The reforms have therefore provided a “double whammy” for young and old alike who use apprenticeship as a first step or progression in the labor market.
Key points to remember
Overall, research suggests that apprenticeship remains an important means by which employers meet their skill needs. However, the reforms – and mainly the tax – have had an impact on the behavior of employers with regard to the number of apprentices recruited, the type, age and level of apprentices they hire.
The reforms have accelerated the tendency for existing employees to undertake higher level apprenticeships. The tax has resulted in a reduction in the recruitment of apprentices by non-payers (usually small businesses) and an increase in participation by tax payers (usually larger ones). In some sectors, there are also additional financial disincentives, such as backfill costs; generally sectors that recruit and employ large proportions of low-skilled and skilled workers.

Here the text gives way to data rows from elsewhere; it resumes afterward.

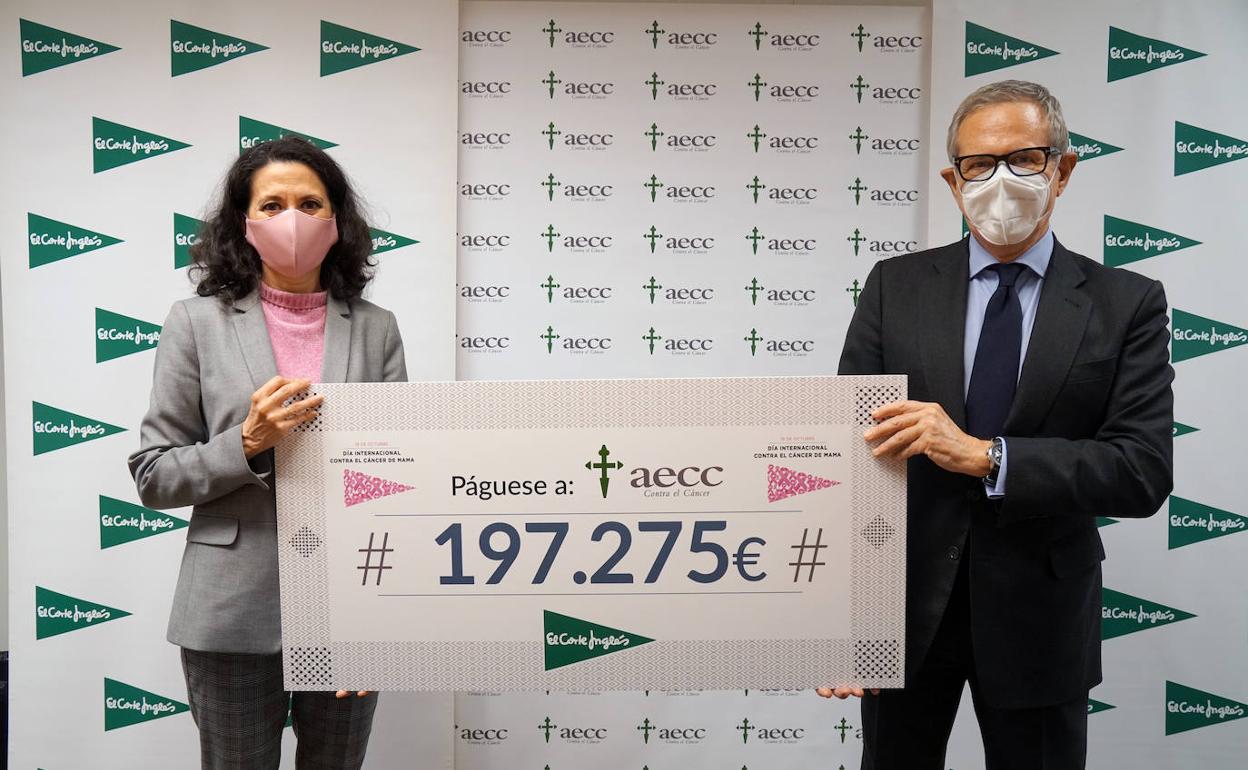 Entrega del cheque a la AECC.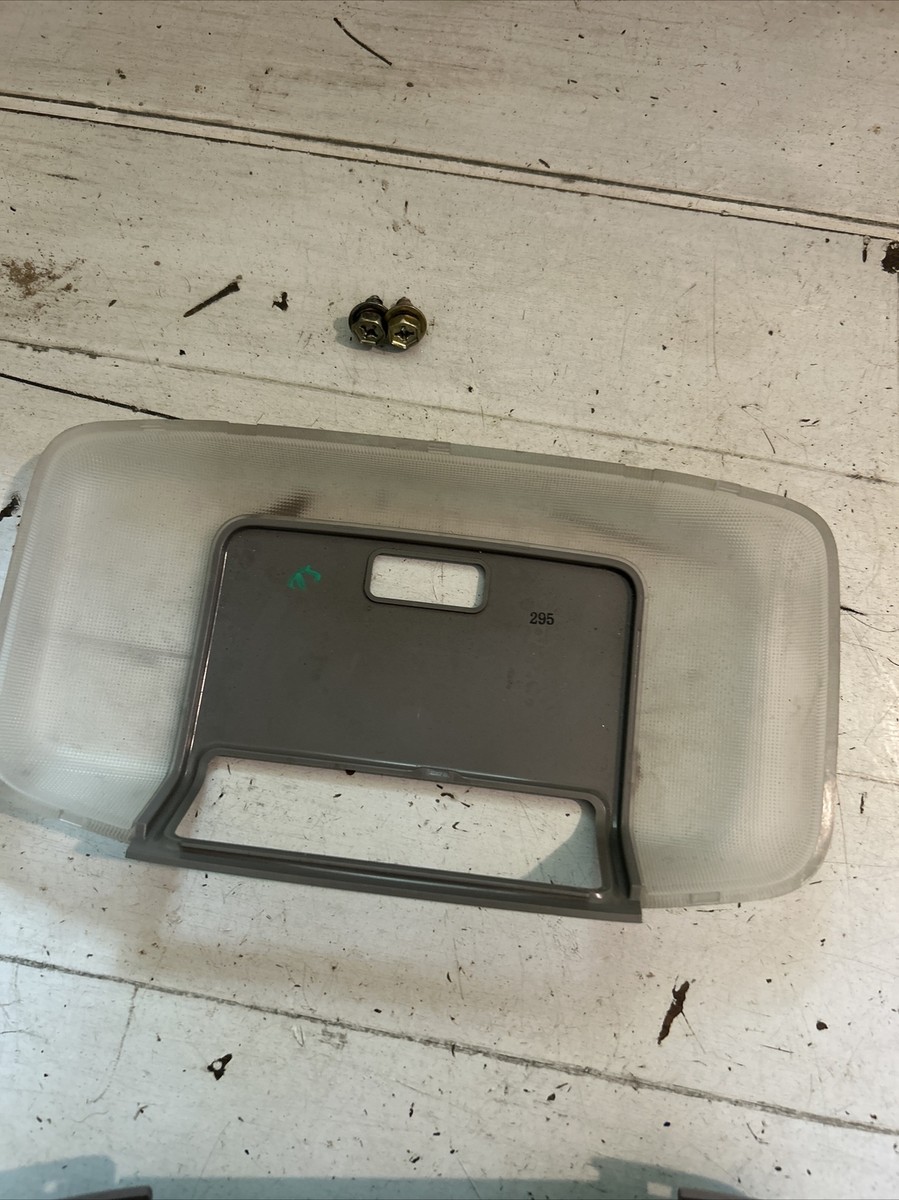 2003 - 2005 Toyota 4Runner Rear Interior Overhead Dome light 2003 - 2005 Toyota 4Runner Rear Interior Overhead Dome light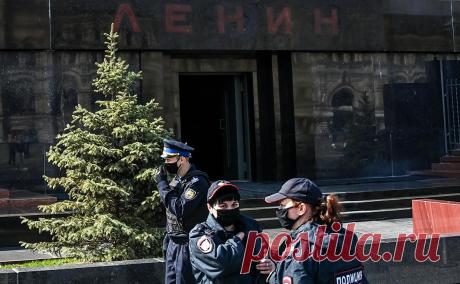 Житель Читы пытался поджечь Мавзолей Ленина коктейлем Молотова. На мужчину составили протокол о неповиновении полиции. Во время задержания он оказал сопротивление и вел себя неадекватно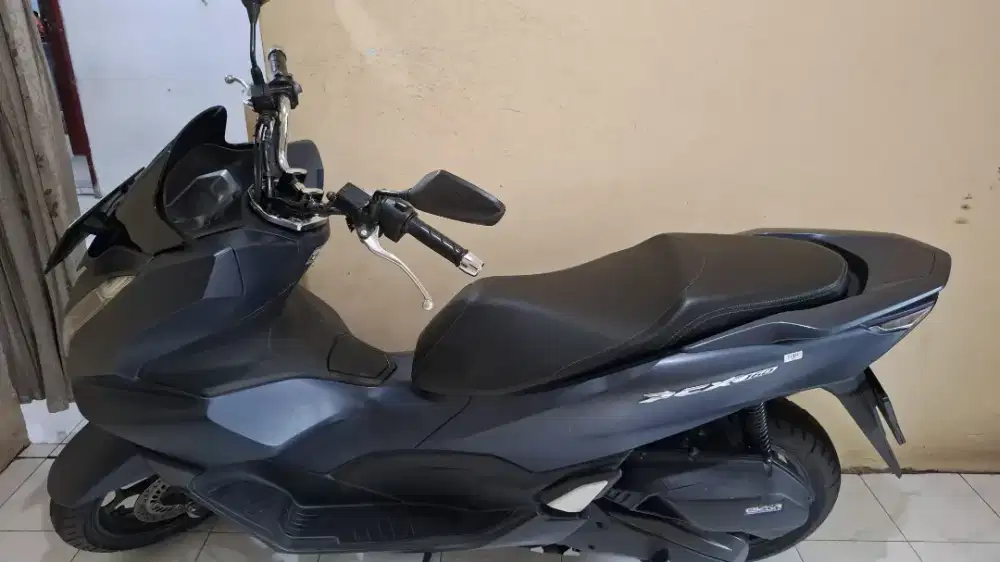 MOTOR PCX HITAM MATAB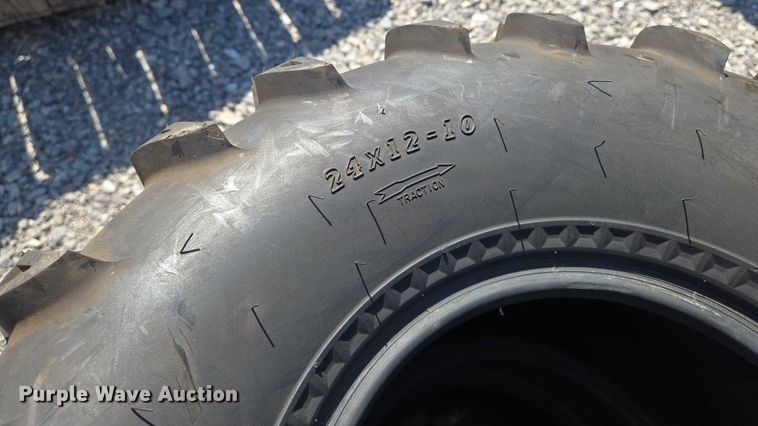 image for item EO0913 (4) Cayman XT tires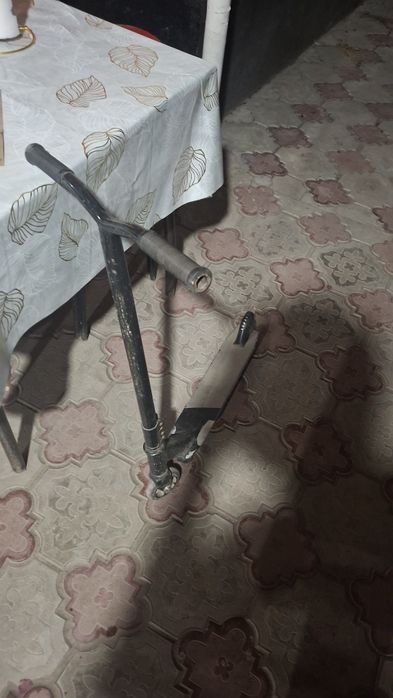 Продам эти 2 самаката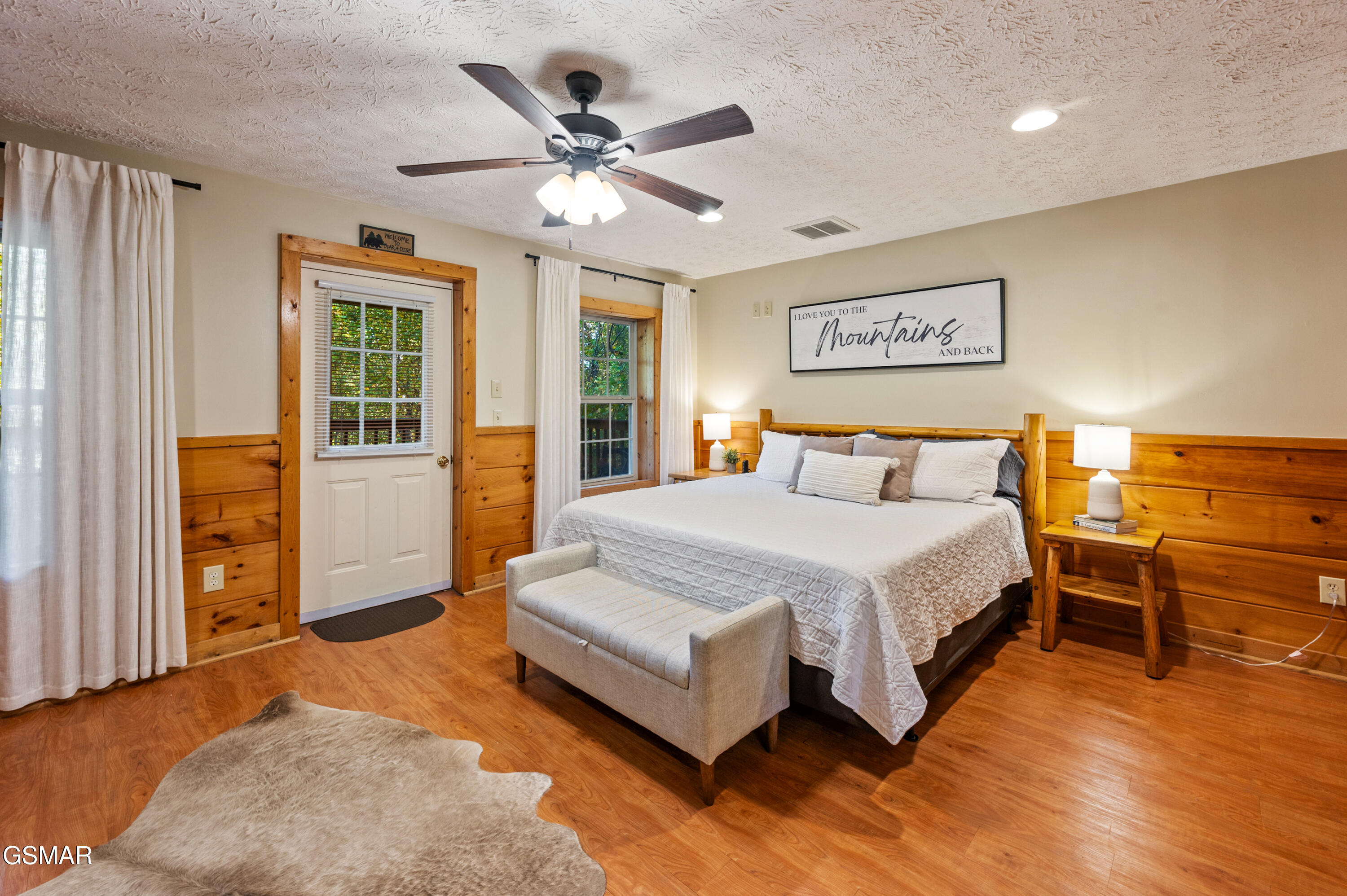 2461 Shady Creek Way Sevierville TN 37862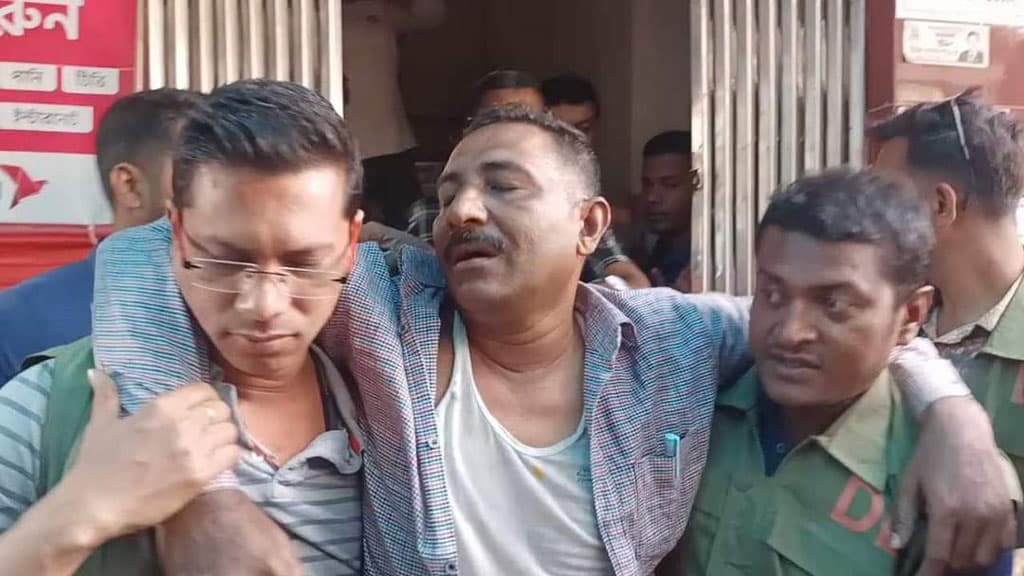 বরগুনায় সাংবাদিকের মৃত্যু : ১৩ জনকে আসামি করে হত্যা মামলা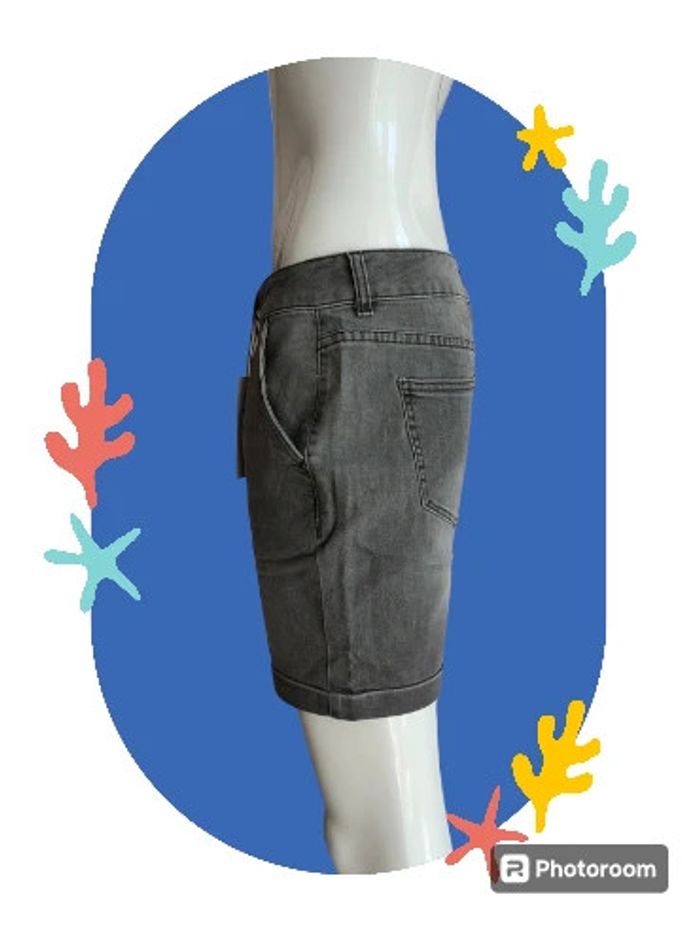 Lot revendeur 3 shorts chino femme - photo numéro 3
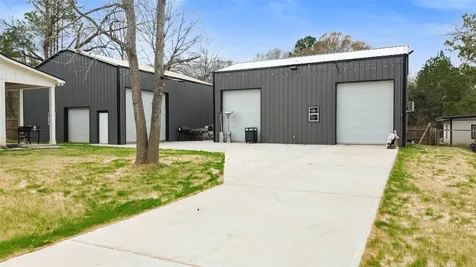 630 & 610 S Railroad Avenue Shepherd TX 77371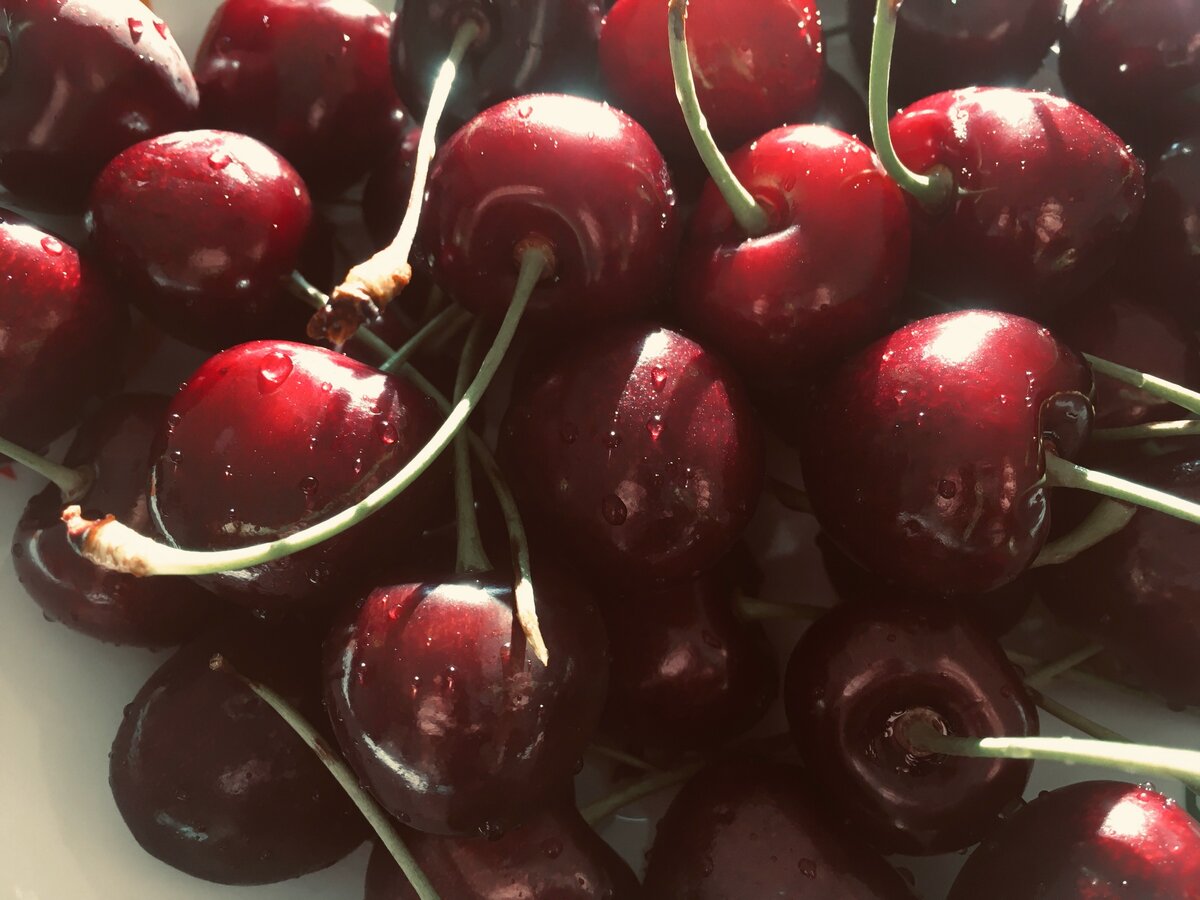 Фото: Piano Piano (по правде говоря, если бы не супруг, я бы всё лето – ну ок, весь её сезон – могла питаться одной черешней)))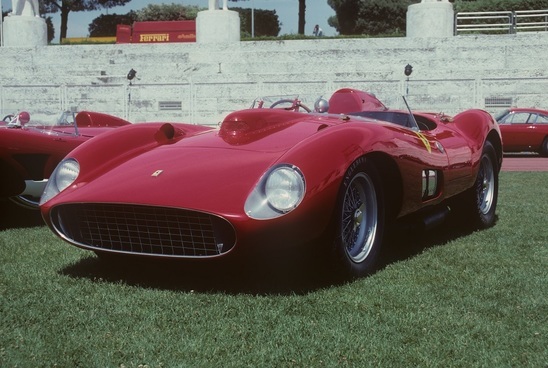 Ferrari 335 S Spider Scaglietti del 1957, la quintessenza della perfezione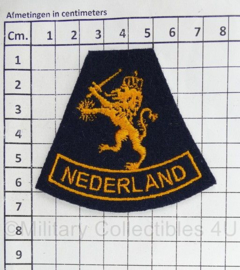 WO2 en naoorlogse Nederlandse mouwleeuw op donkerblauw NEDERLAND - 6,5 x 7,5 cm
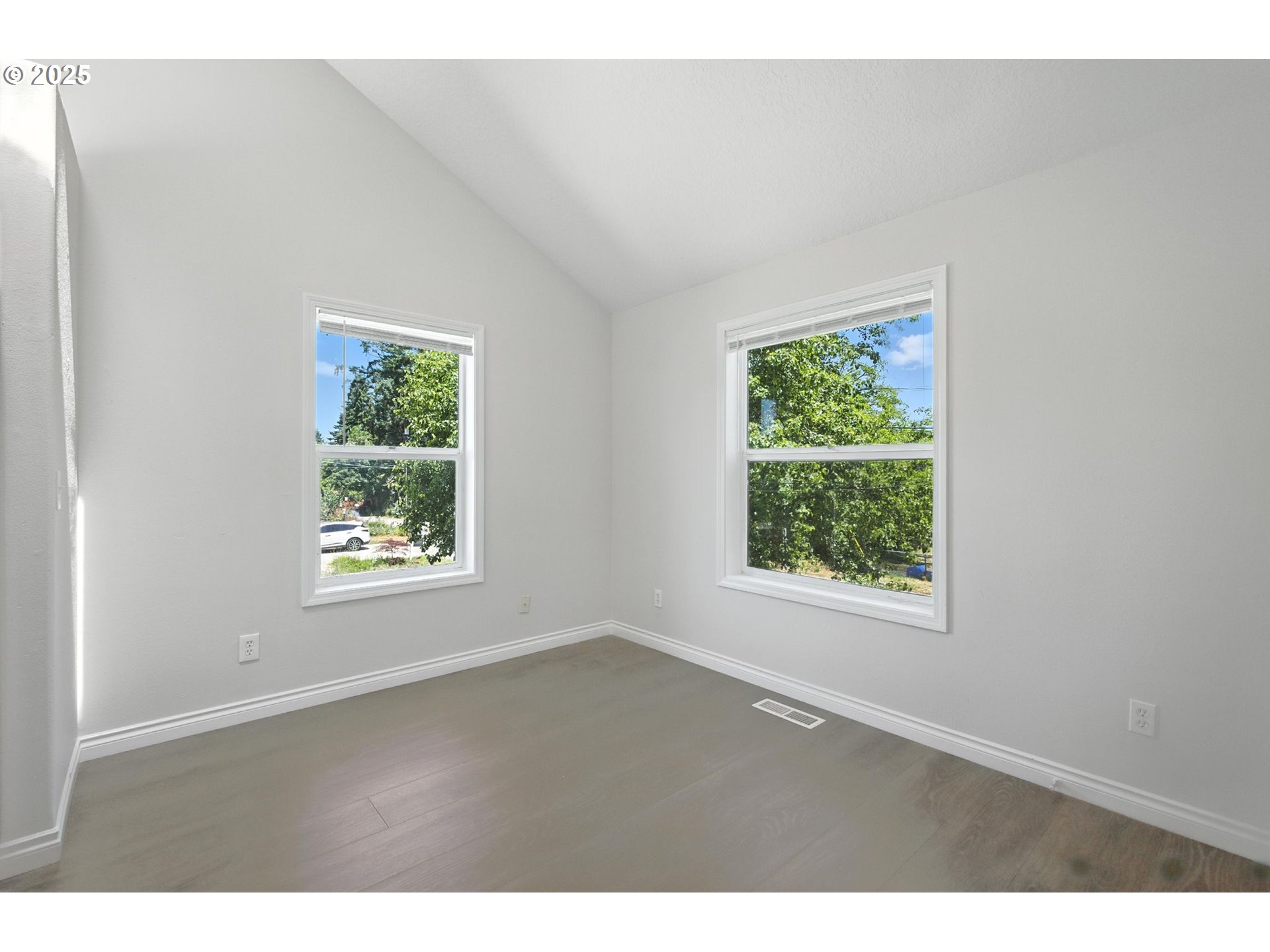 5609 Southeast 117th Avenue Portland, OR 97266 - Photo 14 of 29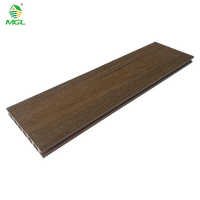 Planches de terrasse en composite WPC co-extrudées en gros, faible entretien, écologiques, imperméables et antidérapantes pour l'extérieur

While apprenticeship is increasingly used to train existing employees of large companies for higher level apprenticeships, consideration needs to be given to how the training needs of young people, small employers and those who wish to take apprenticeships need to be considered. lower level could be encouraged and supported. .
IER owes a huge thank you to the employers who graciously gave of their time to share their apprenticeship hiring practices and how these have been affected by the reforms and the pandemic. We also thank Edge and Gatsby for funding this study. We hope that the efforts devoted to them will contribute equally to their ongoing work.